To find the term independent of \( x \) in the expansion of \( (9x - \frac{1}{3\sqrt{x}})^{18} \), we will follow these steps: ### Step 1: Identify the general term in the binomial expansion The general term \( T_r \) in the expansion of \( (a + b)^n \) is given by: \[ T_r = \binom{n}{r} a^{n-r} b^r \] In our case, \( a = 9x \), \( b = -\frac{1}{3\sqrt{x}} \), and \( n = 18 \).
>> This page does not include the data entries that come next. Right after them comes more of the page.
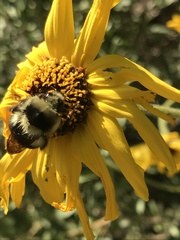 Bombus melanopygus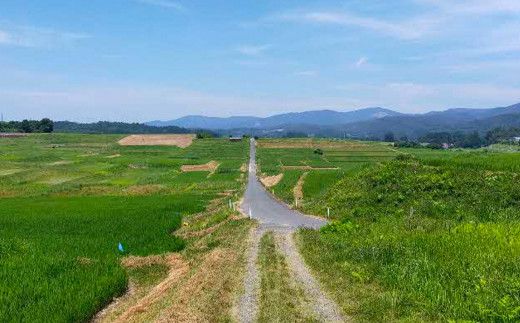 東和棚田のんびりRun（親子でショートの部）出場権（4.6km）1組様分 【1945】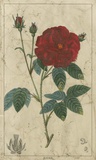 Buy Embellished Crimson Bloom III at AllPosters.com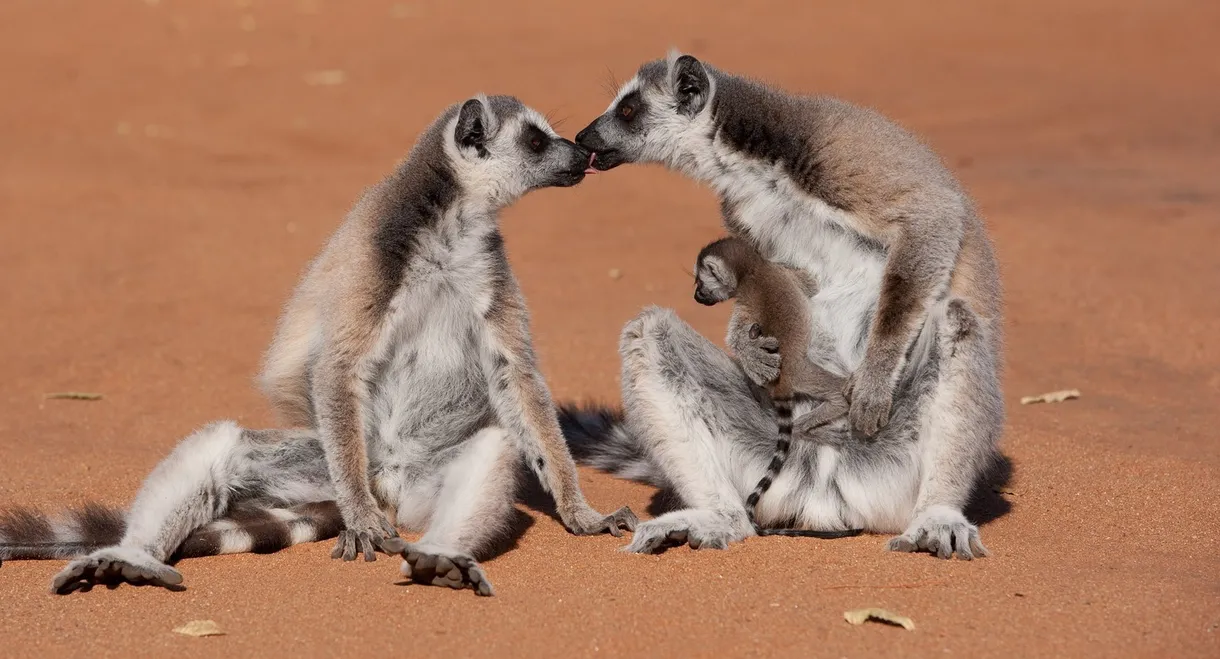 Island of Lemurs: Madagascar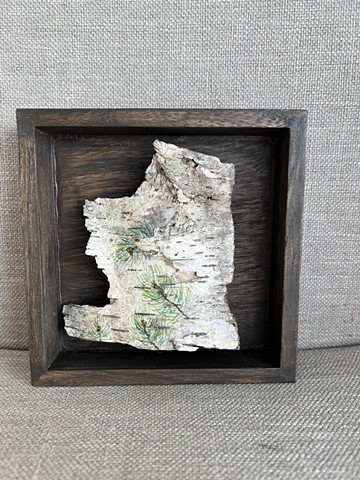 Birch Bark Pines V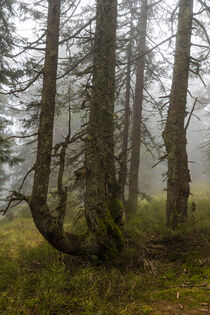 Mystische Nebelstimmung im Bergfichtenwald 7 von Holger Spieker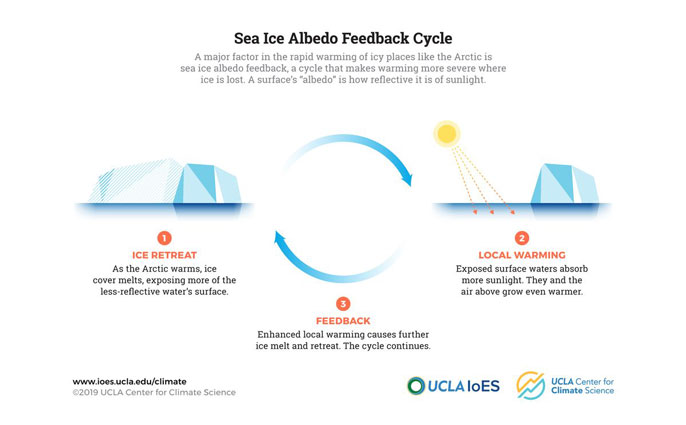 Sea ice infographic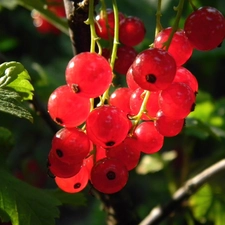 sun, Red, currants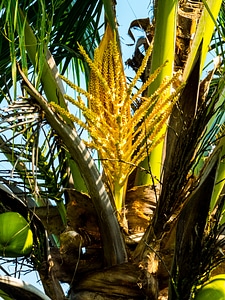 Coconut tree coconut palm blossom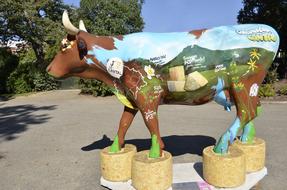 Cow Cheese Cantal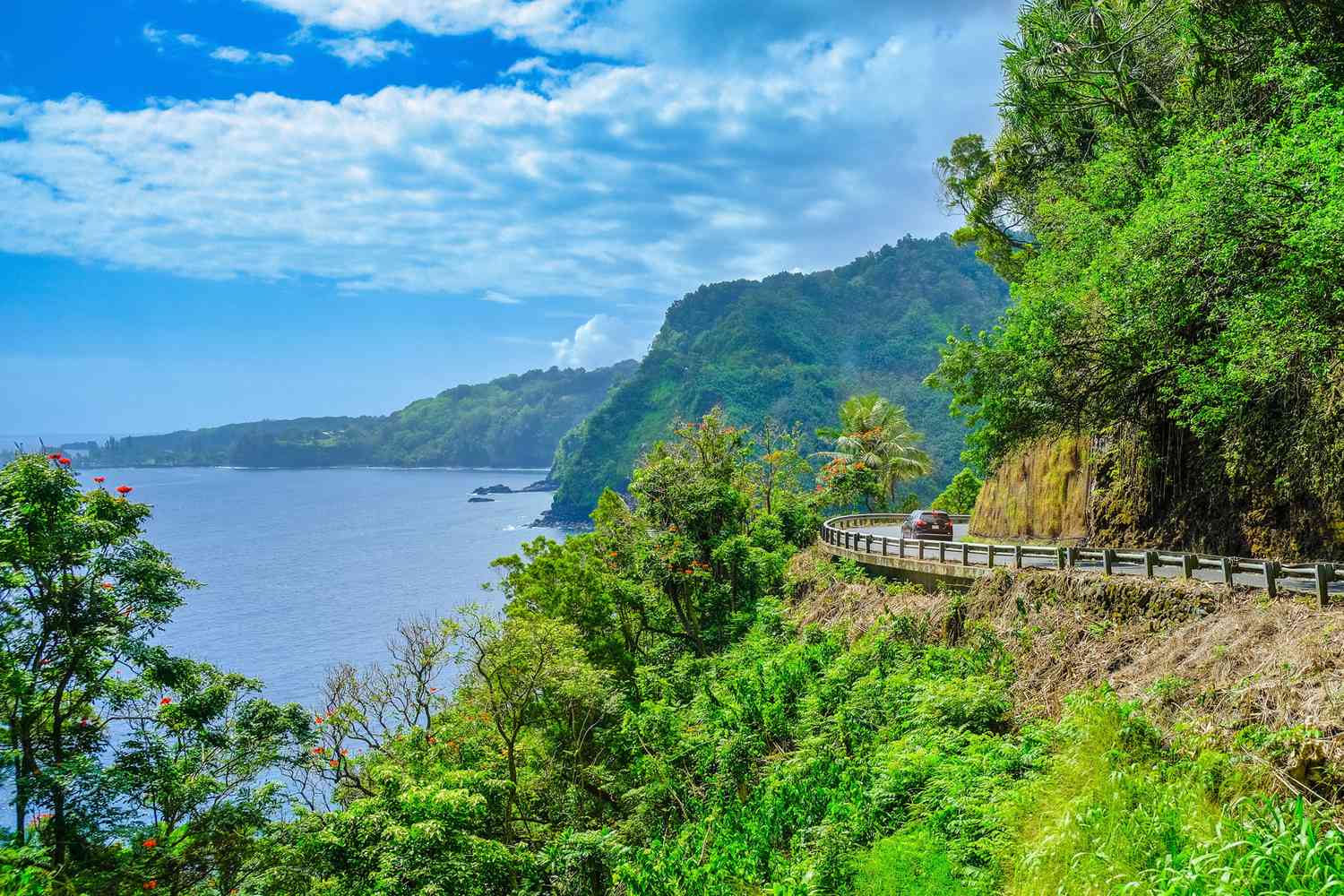 Scenic coastal drive on Maui's Road to Hana showcasing lush greenery and ocean views ideal for rental car exploration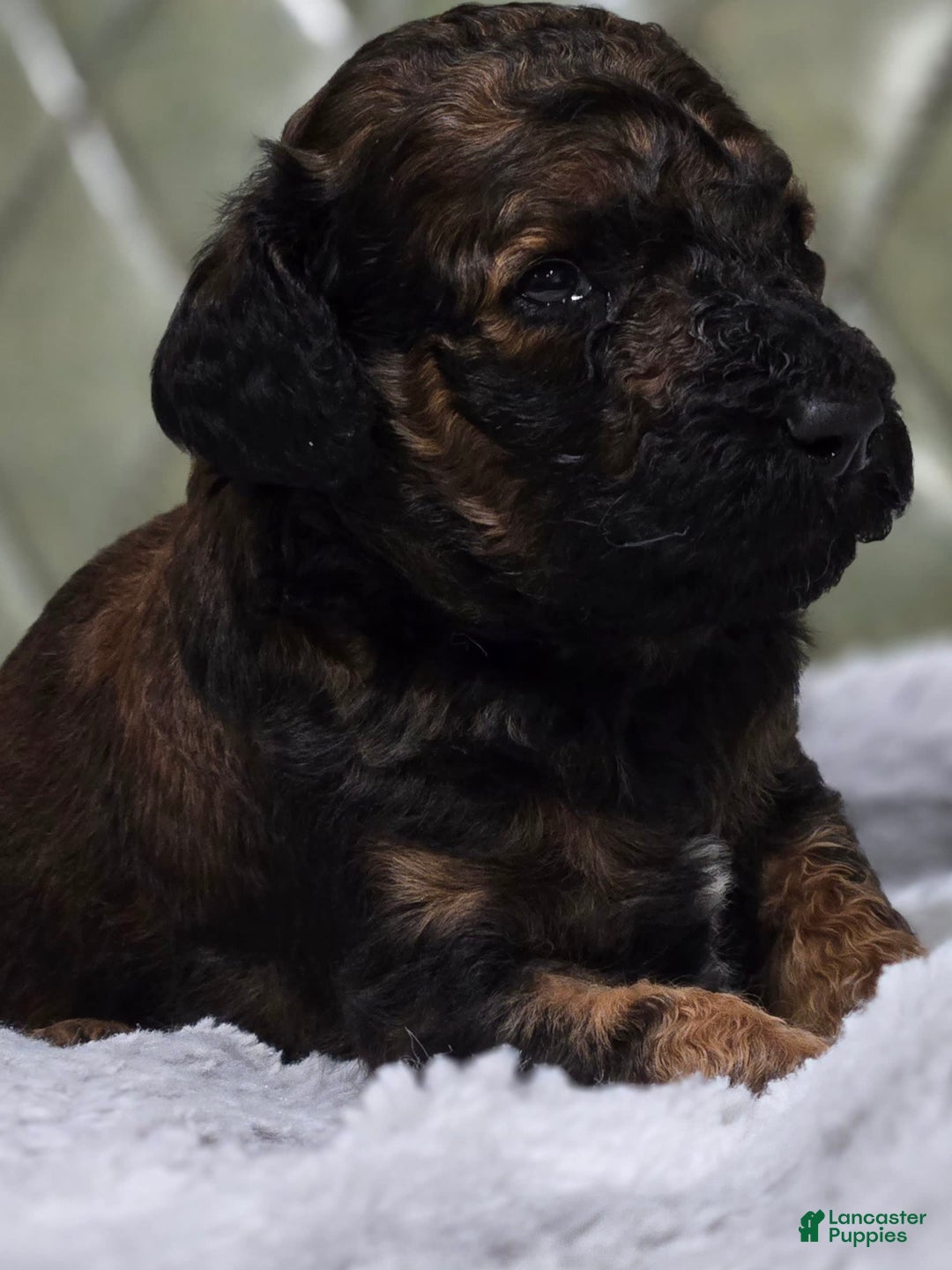 Standard Poodle dogs for sale: Koda - Image 4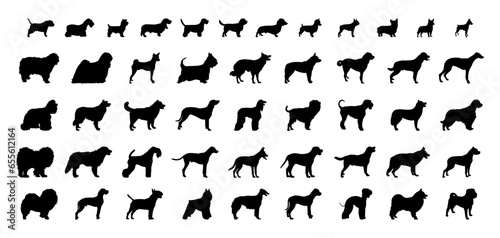 Vector set detailed silhouettes of 
dogs of different types isolated on white background.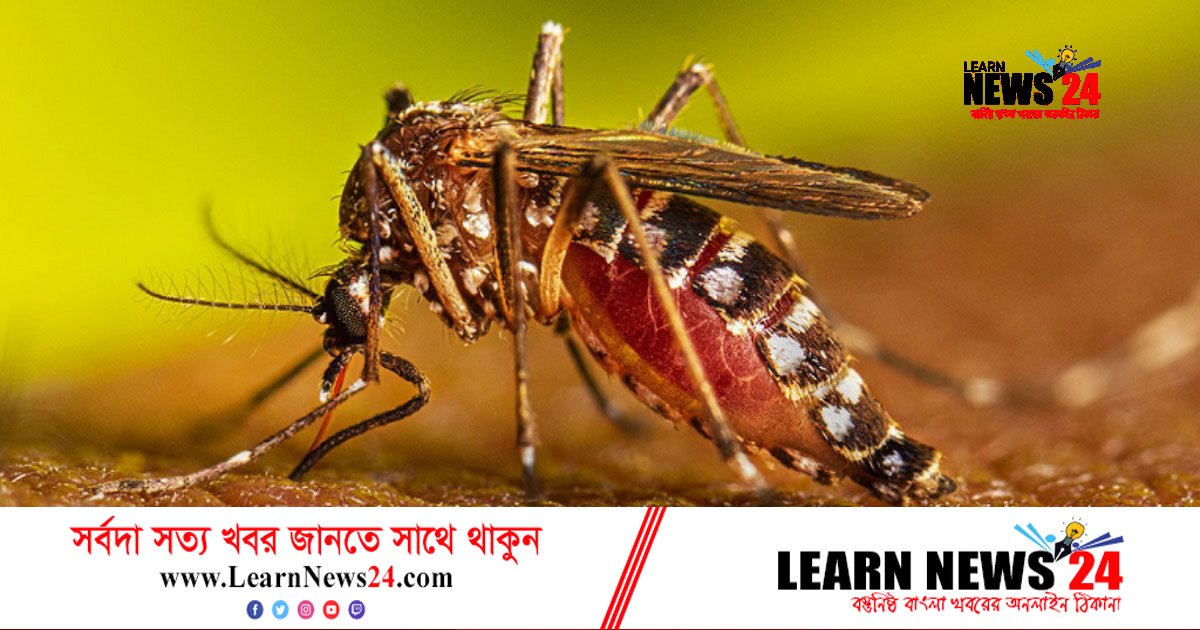 ডেঙ্গু আক্রান্ত হয়ে আরও ১৫ জন হাসাপাতালে ভর্তি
Therefore, the general term can be expressed as: \[ T_r = \binom{18}{r} (9x)^{18-r} \left(-\frac{1}{3\sqrt{x}}\right)^r \] ### Step 2: Simplify the general term Substituting the values of \( a \) and \( b \): \[ T_r = \binom{18}{r} (9^{18-r} x^{18-r}) \left(-\frac{1}{3}\right)^r \left(\frac{1}{\sqrt{x}}\right)^r \] This simplifies to: \[ T_r = \binom{18}{r} 9^{18-r} \left(-\frac{1}{3}\right)^r x^{18-r - \frac{r}{2}} \] \[ = \binom{18}{r} 9^{18-r} \left(-\frac{1}{3}\right)^r x^{18 - r - \frac{r}{2}} \] \[ = \binom{18}{r} 9^{18-r} \left(-\frac{1}{3}\right)^r x^{18 - \frac{3r}{2}} \] ### Step 3: Find the term independent of \( x \) For the term to be independent of \( x \), the exponent of \( x \) must be zero: \[ 18 - \frac{3r}{2} = 0 \] Solving for \( r \): \[ \frac{3r}{2} = 18 \implies 3r = 36 \implies r = 12 \] ### Step 4: Substitute \( r \) back into the general term Now, we substitute \( r = 12 \) into the general term: \[ T_{12} = \binom{18}{12} 9^{18-12} \left(-\frac{1}{3}\right)^{12} x^{18 - \frac{3 \cdot 12}{2}} \] \[ = \binom{18}{12} 9^6 \left(-\frac{1}{3}\right)^{12} \] ### Step 5: Calculate the coefficient Calculating the coefficient: \[ = \binom{18}{12} 9^6 \cdot \left(-\frac{1}{3^{12}}\right) \] \[ = \binom{18}{12} \cdot \frac{9^6}{3^{12}} \cdot (-1) \] Since \( 9 = 3^2 \): \[ = \binom{18}{12} \cdot \frac{(3^2)^6}{3^{12}} \cdot (-1) \] \[ = \binom{18}{12} \cdot \frac{3^{12}}{3^{12}} \cdot (-1) \] \[ = \binom{18}{12} \cdot (-1) \] ### Step 6: Relate to \( \alpha \) According to the problem, the term independent of \( x \) is \( \alpha \) times the corresponding binomial coefficient: \[ \alpha \cdot \binom{18}{12} = -\binom{18}{12} \] Thus, we find: \[ \alpha = -1 \] ### Final Answer The value of \( \alpha \) is: \[ \alpha = -1 \]